- _The task_
Word for word, repeat all the entries below, but without the pictures.

[Records drawn from a dataset]
····················

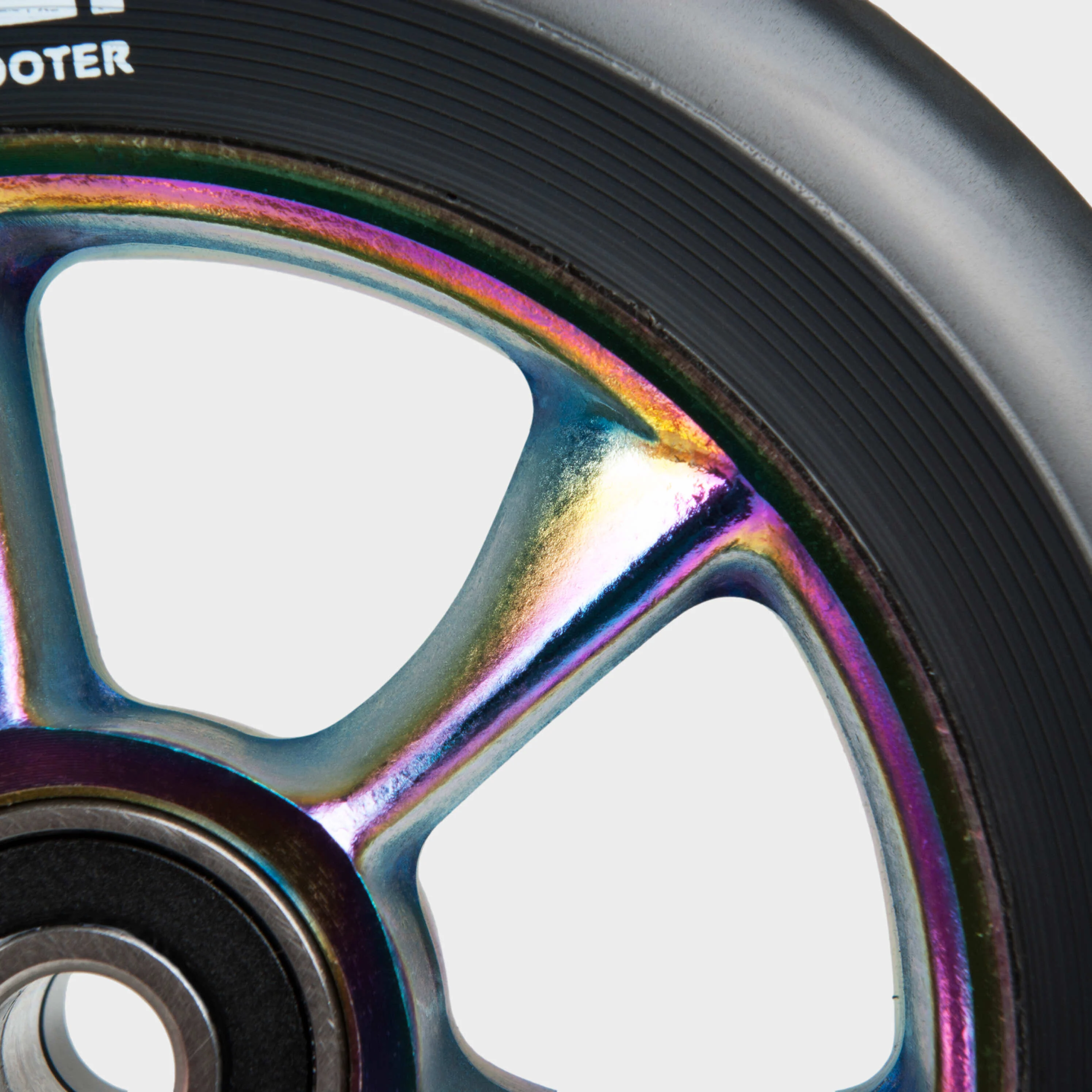 Chilli Stunt Turbo Wheel: Neochrome - Image 4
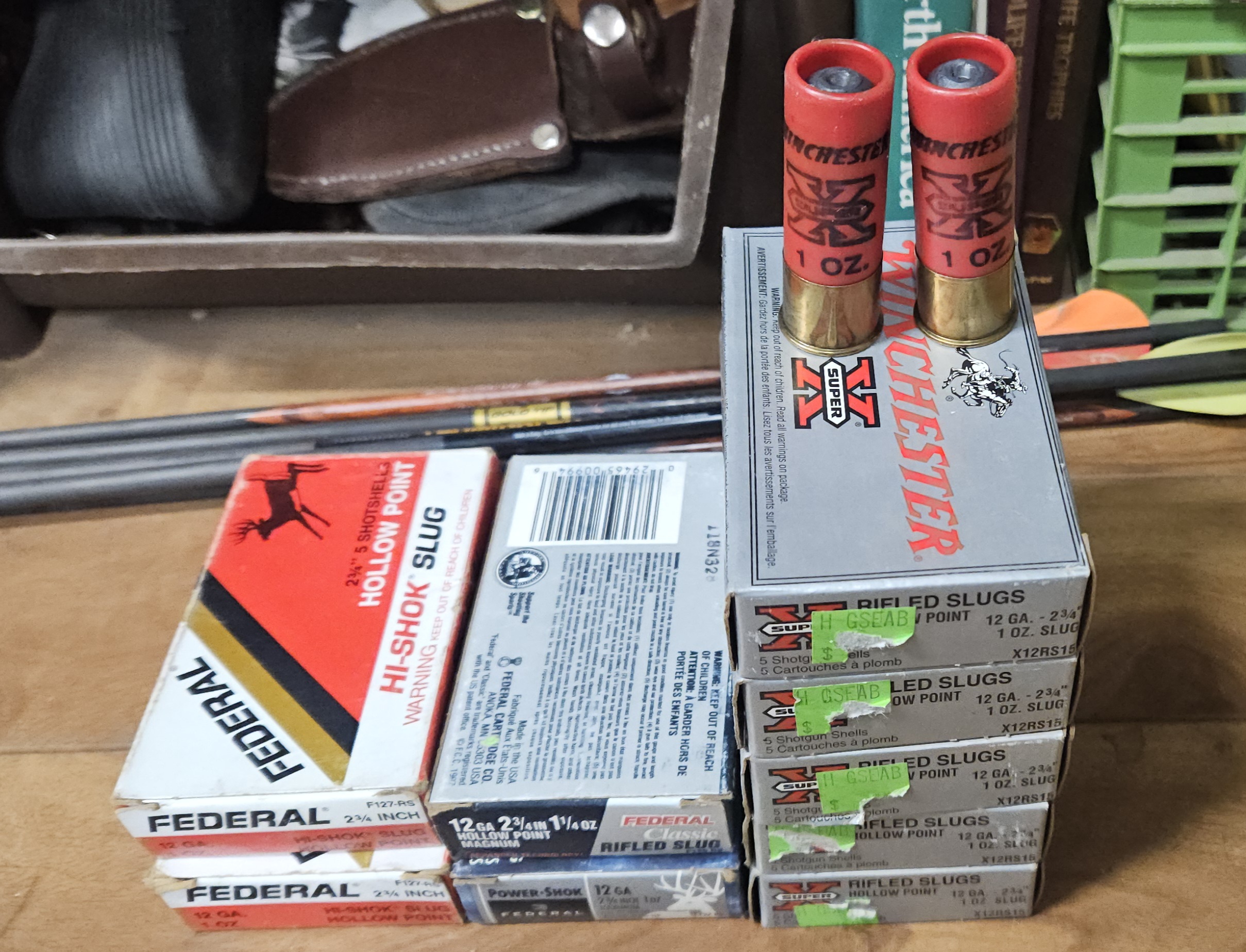 Photo of 12g Rifled Slugs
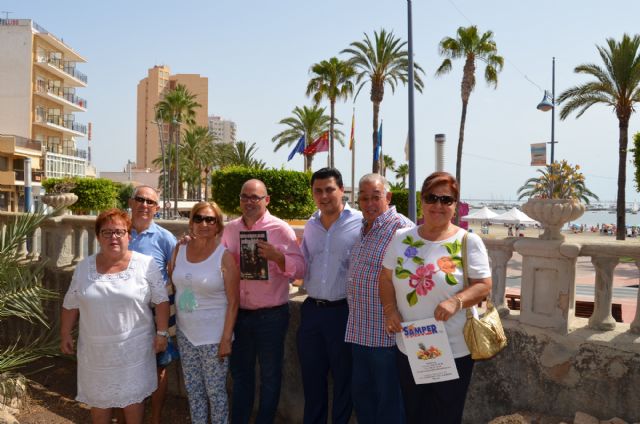 Las fiestas patronales de Santiago de la Ribera empiezan mañana sábado con la gala de elección de Reina y la actuación de Salva Ortega - 1, Foto 1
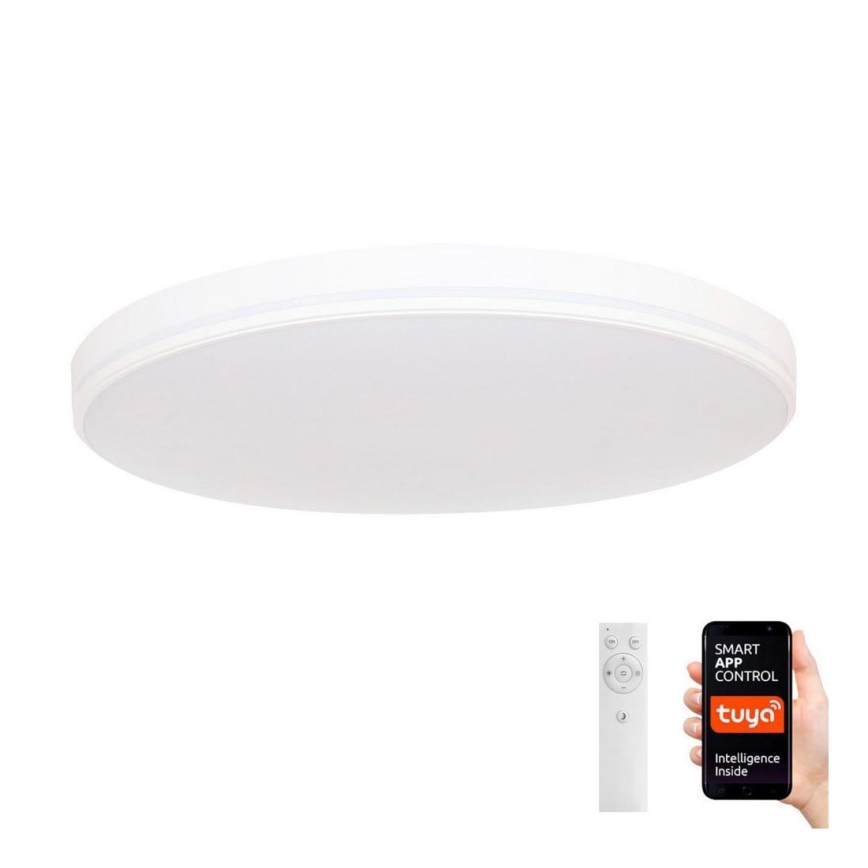 Immax NEO 07149-W40 - Iluminação de teto LED com regulação NEO LITE AREAS LED/24W/230V Tuya Wi-Fi branca + controlo remoto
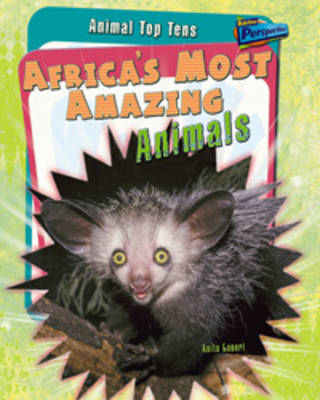 Book cover for Africa's Most Amazing Animals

····················

- _Solved exercise_
 Chilli Stunt Turbo Wheel: Neochrome - Image 4
 Photo of 12g Rifled Slugs
 Las fiestas patronales de Santiago de la Ribera empiezan mañana sábado con la gala de elección de Reina y la actuación de Salva Ortega - 1, Foto 1
 Immax NEO 07149-W40 - Iluminação de teto LED com regulação NEO LITE AREAS LED/24W/230V Tuya Wi-Fi branca + controlo remoto
 Book cover for Africa's Most Amazing Animals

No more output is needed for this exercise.